Tuesday, June 15, 2021

 Statfold Barn Railway, Trangkil 50 Event, 13 June 2021

Prince was busy all day working services on the high line.

My plan for June had been to spend a weekend in North Wales visiting the Ffestiniog Railway, my favourite line. Having not booked up early, due to uncertainties around the the lifting of lockdown etc, I was disappointed to discover that accommodation  n the region is at premium this year, with nearly everywhere booked up, remaining places charging prices beyond my budget and campsites still not open to lightweight campers without their own toilets etc. The trip was postponed until later in the year but I still needed my FR 'fix'. Then I remembered reading that the FR's England 0-4-0ST+T Prince was due to visit the Statfold Barn Railway for the Trangkil 50 event on 12/13 June. A ticket was booked and, having told friends in the Wessex Narrow Gauge Modellers (WNGM) of my plans, within minutes a small group had also booked for what would be our first gathering since March last year.


A typical Statfold scene as trains hauled by the Baganall 4-4-0T Isibutu and the visiting Prince pass at Oak Tree Halt. The standard gauge Hunslet 0-6-0st Hastings, newly restored at Statfold, is on the dual gauge tramway line.


The Statfold Barn Railway, near Tamworth, is quite simply a narrow gauge railway wonderland. A huge collection of narrow gauge locomotives and stock, much of it British built, gathered from around the world by Graham Lee and now in the care of the Statfold Narrow Gauge Museum Trust. This weekend's visit was my third. Each time I go some new development has taken place or new acquisition been made. The sale and scope of the collection is bewildering. If you have even the slightest interest in narrow gauge railways then Statfold has to be on your list of places to visit.
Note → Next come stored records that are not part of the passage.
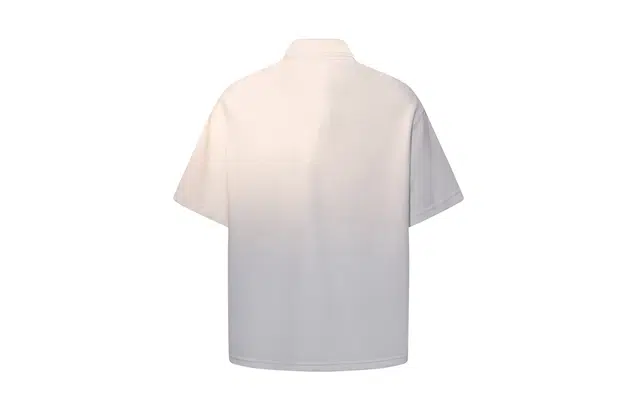 MANYSTON Polo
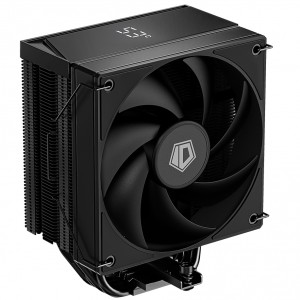 ID Cooling FROZN A410 TD Digital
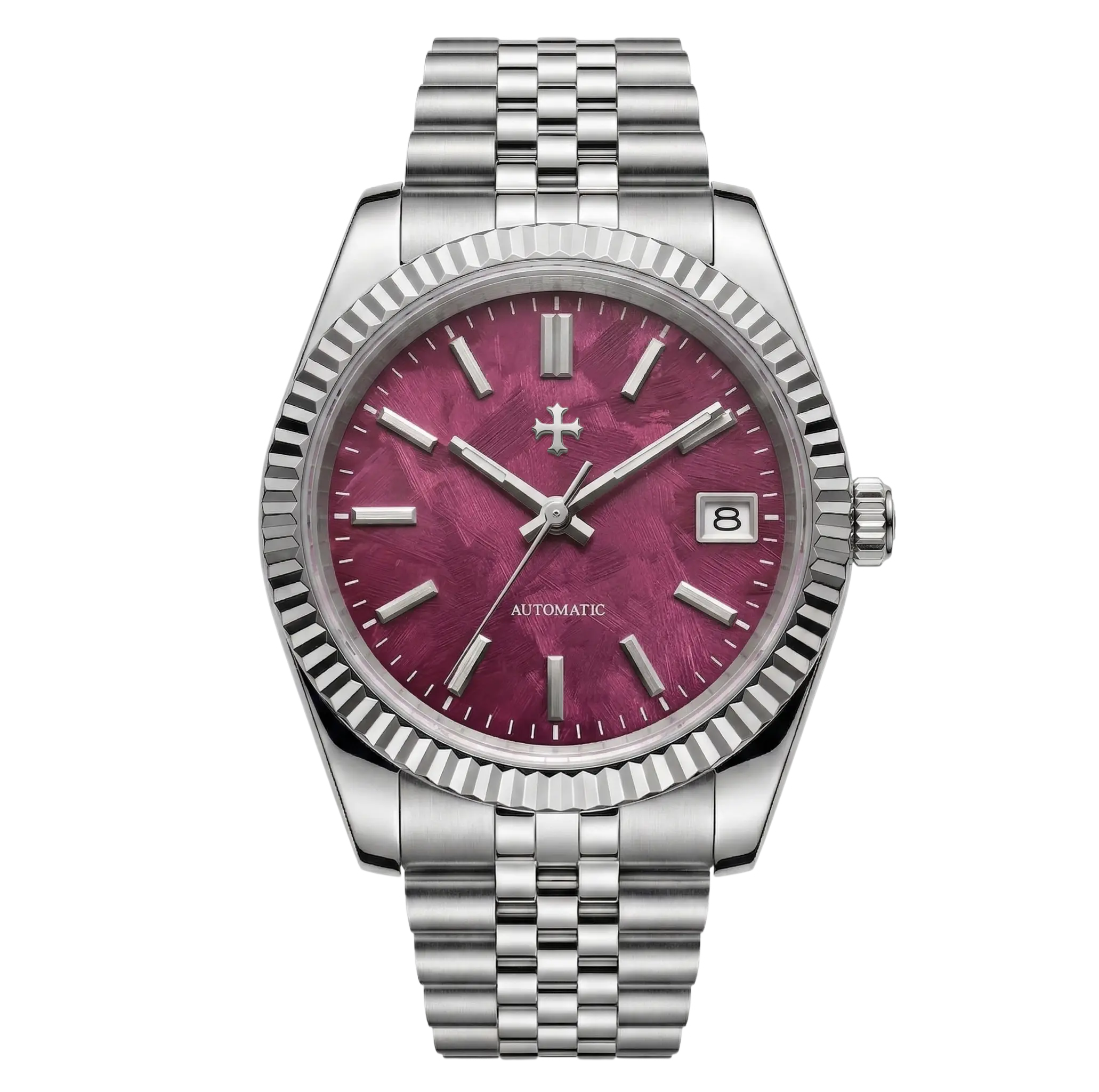 CANVAS RUBY EMPORIAL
A pair of Penhryn Quarry beauties, Cegin and Marchlyn pass Statfold Junction signal box with a train.


I won't bore you with a long description of the day and will let the pictures do the talking.

                 Hudswell Clarke 'Fiji' waits for its next turn.
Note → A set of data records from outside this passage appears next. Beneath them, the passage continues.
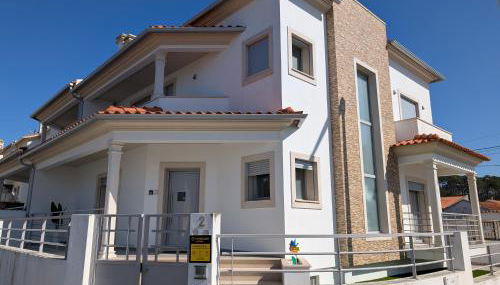 Casa do Guilhim - Foto 1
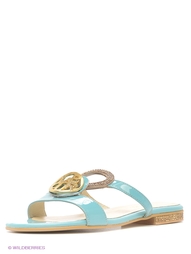 Пантолеты Labour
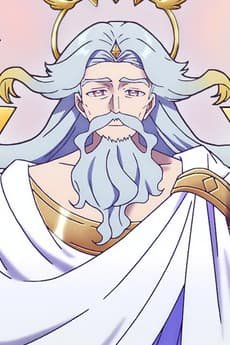 Souzou-shin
                                                 Isaac and Howard on shed.



















Kerr Stuart Wren 0-4-0ST at work on the Garden Railway.
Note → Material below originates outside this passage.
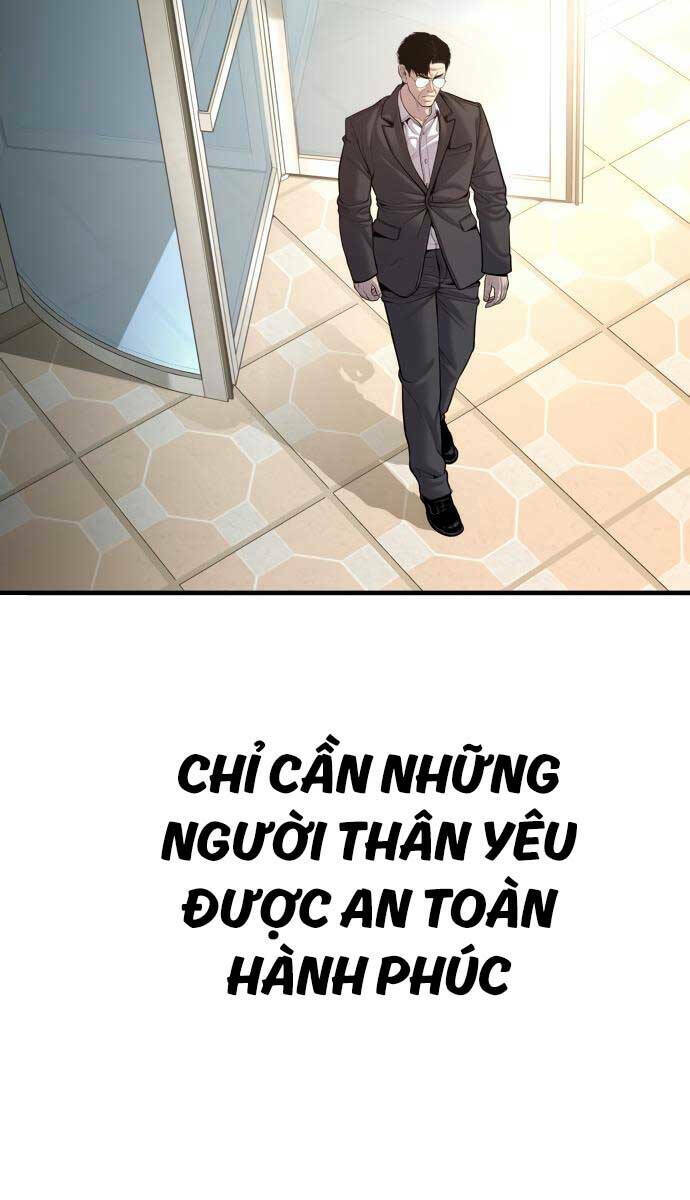 Chương 108.5 - Trang 66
And the reason the event was called Trangkil 50? This locomotive, Trangkil No 4, the last steam locomotive built for commercial use in Britain, was completed by Hunslet in 1971. Whether or not any of the many other steam locos built since the FR completed the Fairlie 'Earl of Merioneth' in 1979 were also built for 'commercial' use is open to debate of course. The Beyer Garratt K1 is in the background.